Cover for Blood Binds the Pack

I was fortunate enough to catch Alex Wells, the author of Hunger Makes the Wolf and Blood Binds the Pack, at the Angry Robot offices. Alex had landed from a transatlantic flight only a few hours before, but still made time to talk with me, despite Nottingham not being the final destination and jet-lag beginning to kick in.

What came out of the interview was not only the inspiration behind the creation of the world of Tanegawa and the Trans Rift corporation, but also a great many useful insights into the process of writing a first novel and gathering up steam to create a sequel.

How did you get into writing?

I first started writing this book in 2010 – 2011, before I had even gone back to university. I’ve been writing for as long as I can remember.  I wrote fan fiction for a long time and was writing novel-length stuff. I finally got to the point where my original ideas were more interesting than what I was doing for fan fiction, so I started writing my own original stuff.

I’d originally bought into the notion that I should start with short stories and that somehow if I wrote enough short stories an agent would parachute down my chimney and offer to represent me. This is not actually how it works.

This is why I started out by attempting to write short stories. But I really suck at short stories. Everyone would say when I wrote that was supposed to be a short story “Well that’s great, but where’s the rest of this book?”

I wrote what Mothership Zeta published as “Fire in the Belly” about seven years ago. This was actually the first chapter of the proto Hunger Makes the Wolf. It was about Hob arriving on the planet Tanegawa and all the stuff that happened to her. The next year I wrote another short story which was another chapter of the book. By that point everyone was telling me to get on and write the book. That’s why I finally sat down and wrote the book.

At that point I had done National Novel Writing Month a couple of times more. So I knew I could write something as long as a novel and pretty quickly.

Why do you think you have so much trouble with short stories?

I think it’s because short stories have to be so self-contained. You need to have a beginning, middle and end in about 5000 words, as well as complete characters and have a plot. They can only be a single arc with not many sub-plots. It has to be very direct and straightforward. I just don’t like that, because most of the time I’m writing in second world or near-future, far-future scifi. I do such intense world building that there’s so much other stuff going on I just can’t fit it into a short story.

Even when I try to write short stories I generally end up with 7500 to 8000 words, which is no longer a short story at that point.

I was looking at my eligibility this year for short stories. I technically have two. But it was really hard for me to keep them that short. Everything else I have is longer than that. It’s basically because I can’t come up with anything that fits neatly into a compact space. The biggest challenge I have ever faced is writing flash fiction. It’s cool because I sold flash fiction to Shimmer which is a venue that doesn’t generally like flash fiction.

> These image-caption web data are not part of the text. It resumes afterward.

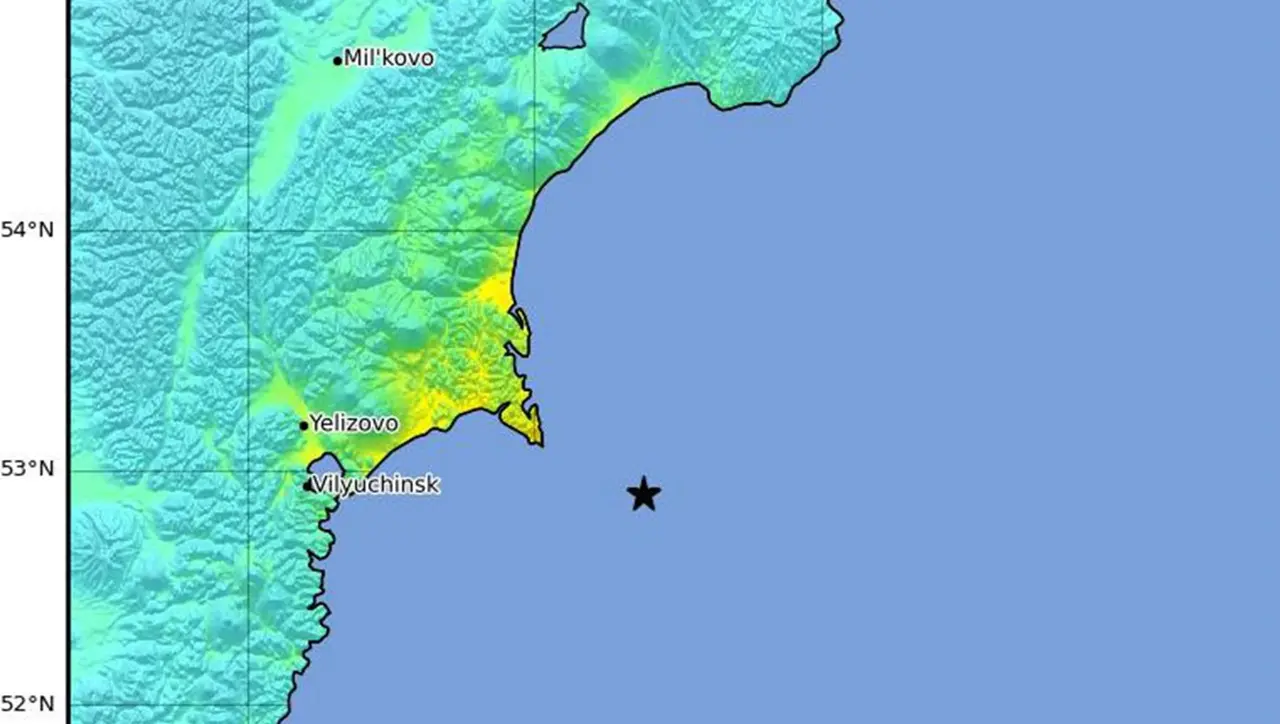 Terremoto de 8,7 provoca tsunami de até 4 m na Kamchatka; Japão e EUA emitem alertas - Imagem do artigo original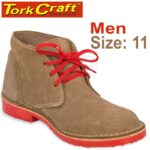 TORK CRAFT MENS VELLIE SHOES BROWN SIZE 11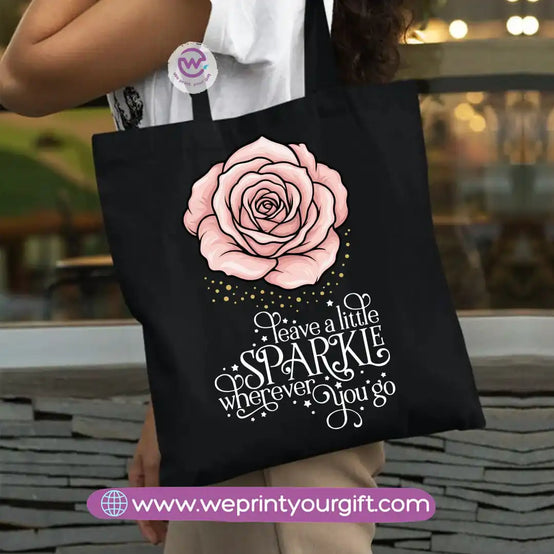 Personalized bag- Tote bag-Motivation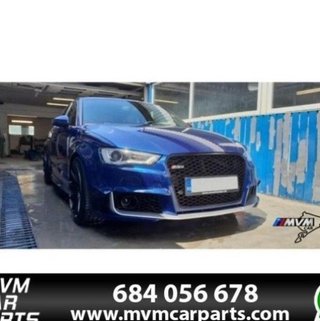 Paragolpes delantero Audi A3 8V Sedan tipo RS3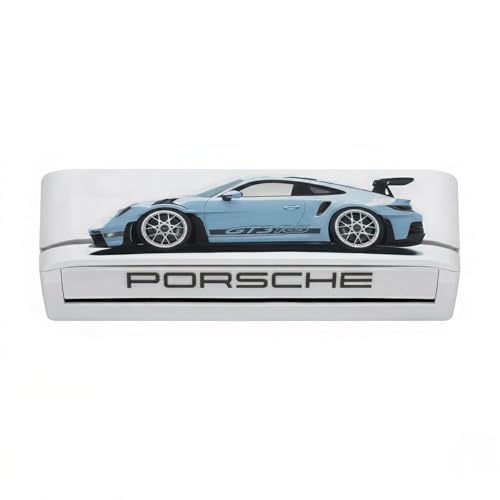 GT3 RS Car Sticker for AC, Split Ac Stickers, Air Conditioner Sticker, car Stickers Fit for All Models Self Adhesive Sticker (Pack of 1)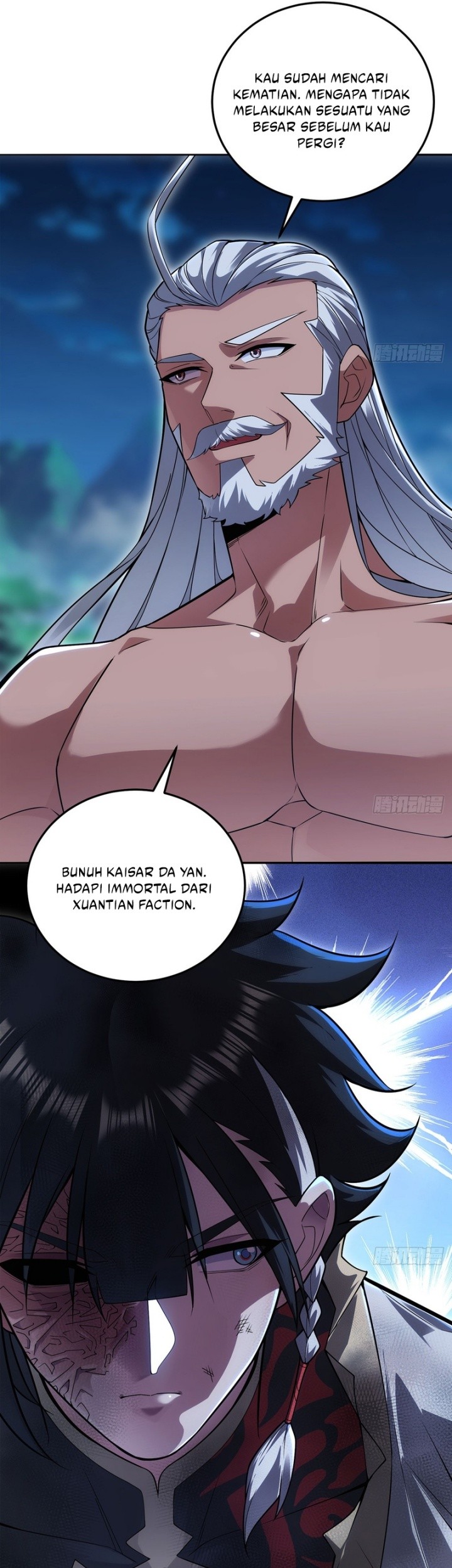 The More I Die the More Invincible I Become Chapter 37 Gambar 43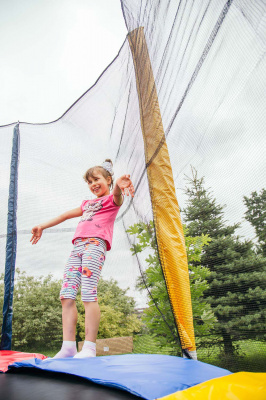 Батут с защитной сеткой Sundays Acrobat  (252 см)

I don’t agree that you need to write lots of short stories to practice for writing novels, because they’re completely different animals.

I think all writers have a length they naturally gravitate towards, which for me is longer than about 9000 words.

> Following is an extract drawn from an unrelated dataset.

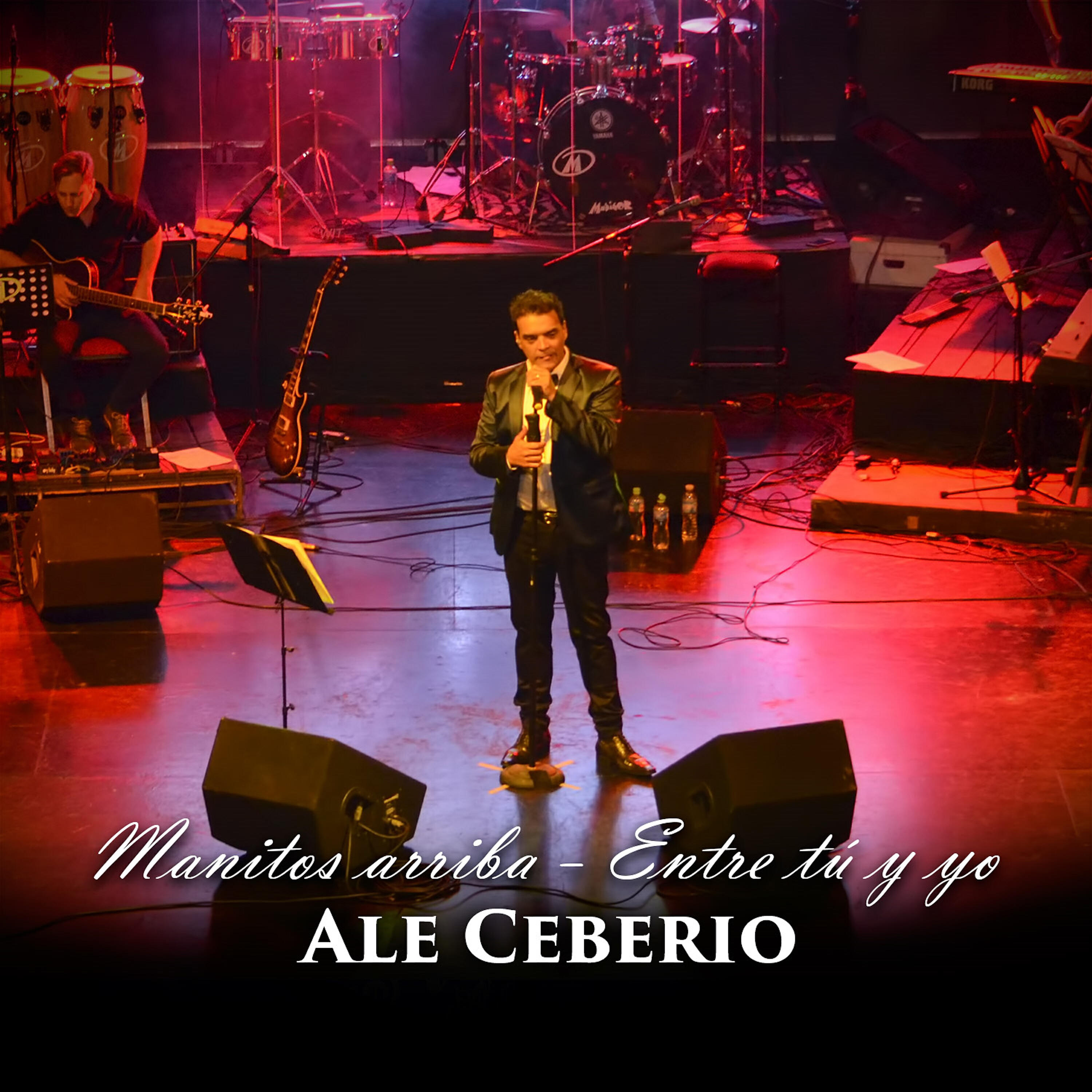 Ale Ceberio - Manitos Arriba / Entre Tu y Yo (En Vivo)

Book cover for Hunger Makes the Wolf

How did the idea for Hunger Makes the Wolf come about?

I have a hard time remembering because that was so long ago. I can tell you that when I wrote it I was at a writer’s retreat with some friends of mine in Utah. It was where I wrote the first story that I got professionally published which was “The Book of Autumn”. I wrote that because it was an idea that was in my way, which was “Fire in the Belly”. I wrote that because I had this idea of a little girl coming down on a kind of Wild West planet and meeting an evil, old bastard of a man, called Old Nick.

But I can’t say exactly where that came from, although the reader might see influence from Dune, Firefly and other stuff. I really love westerns, particularly modern deconstructed westerns. But at this point I couldn’t tell you exactly where it came from because I’ve rewritten it so many times.

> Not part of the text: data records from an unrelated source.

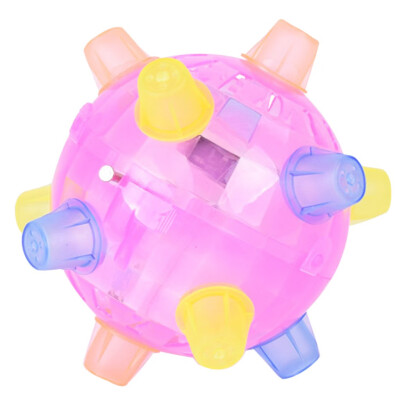Tailored Jump Activate Ball Educational Toy Colorful LED Light Dancing Ball Kids Gift
Tailored Jump Activate Ball Educational Toy Colorful LED Light Dancing Ball Kids Gift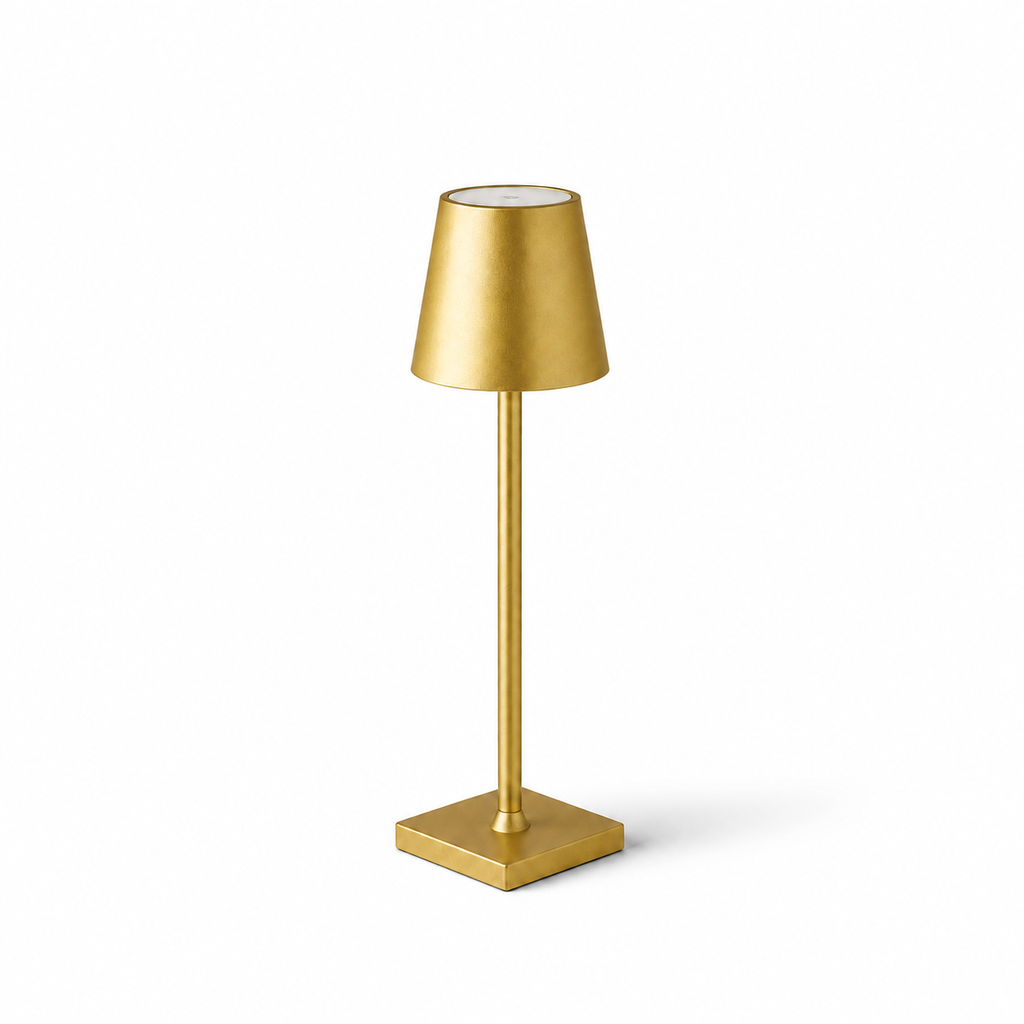 Rechargeable Slim Cone Table Lamp Doriva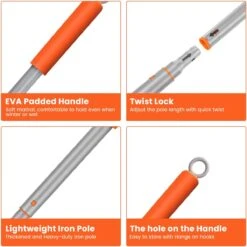 Merkloos Badkamer Reinigingsborstel - Badkamerschrobborstel - Reinigingsborstel - Met Afneembare Telescopische Handgreep En 180° Verstelbare Gezamenlijke Reinigingsborstel - Lange Steel 107 Cm -Huishoudelijke Benodigdheden Winkel 1200x1200 1109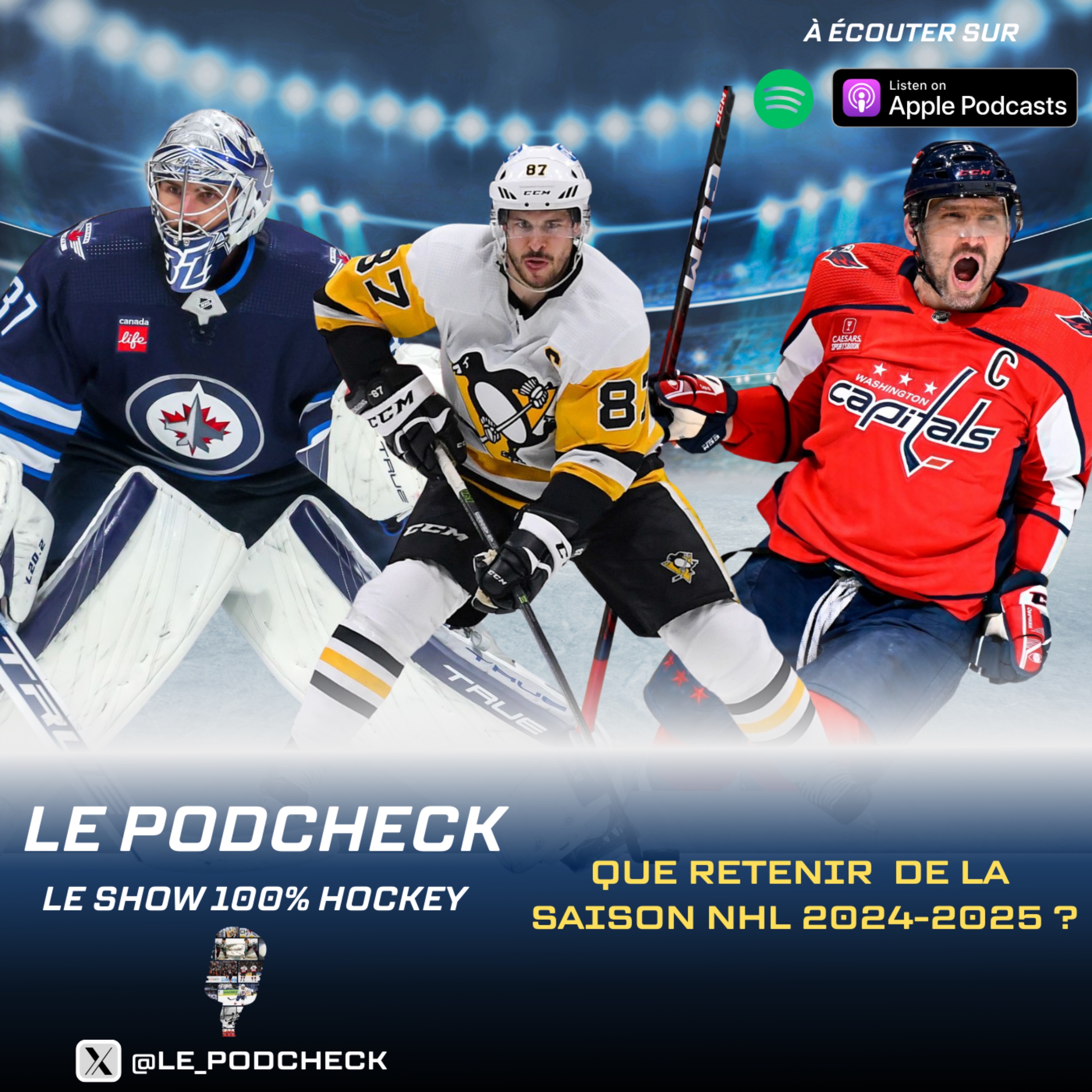 Que retenir de la saison NHL 2024-2025 à un mois des playoffs ?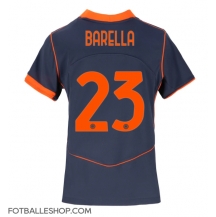 Inter Milan Nicolo Barella #23 Replika Tredjedrakt Dame 2025-26 Kortermet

There is also your professional life as a geologist influencing both Hunger Makes the Wolf and Blood Binds the Pack.

I have a Masters in Geology. There are two things I’ve fitted into the two novels that are really important to me, geology and the history of Colorado. I didn’t even realise the importance of geology in the storyline until I thought back to the earlier drafts I had written which were about the classic tan sand deserts. That’s when I thought “If all these rocks are black then they obviously have a lot of iron in them, so all the sand should be orange from the rust.”

The history of Colorado is something American readers will probably be more aware of, because all of the towns are named in the books are named after mining towns in Colorado which were active during the Colorado coalfield wars. That’s why all the action in Blood Binds the Pack takes place in Ludlow, because that’s the site of the Ludlow Massacre, which was one of the major American labour events of the early twentieth century. It was where Colorado Fuel & Iron, under JD Rockefeller, Jr, convinced the governor of Colorado to call up the Colorado National Guard and basically set them against the striking coal miners. A group of miners, along with women and children in the strike camp were killed by guardsmen and Baldwin-Felts agents. I grew up immersed in Colorado history and particularly Colorado labour history because I grew up in a Union household. It’s stuff that no one really talks about anymore.

That is really more relevant to the novels than the geology, which is incidental and hard rock isn’t even my thing.

Describe the society in Hunger Makes the Wolf and Blood Binds the Pack.

I basically wanted to recreate the idea of a company town, because it’s obviously something we no longer quite have in the modern era. But I think there’s also a real concern we could be heading back into that way of life.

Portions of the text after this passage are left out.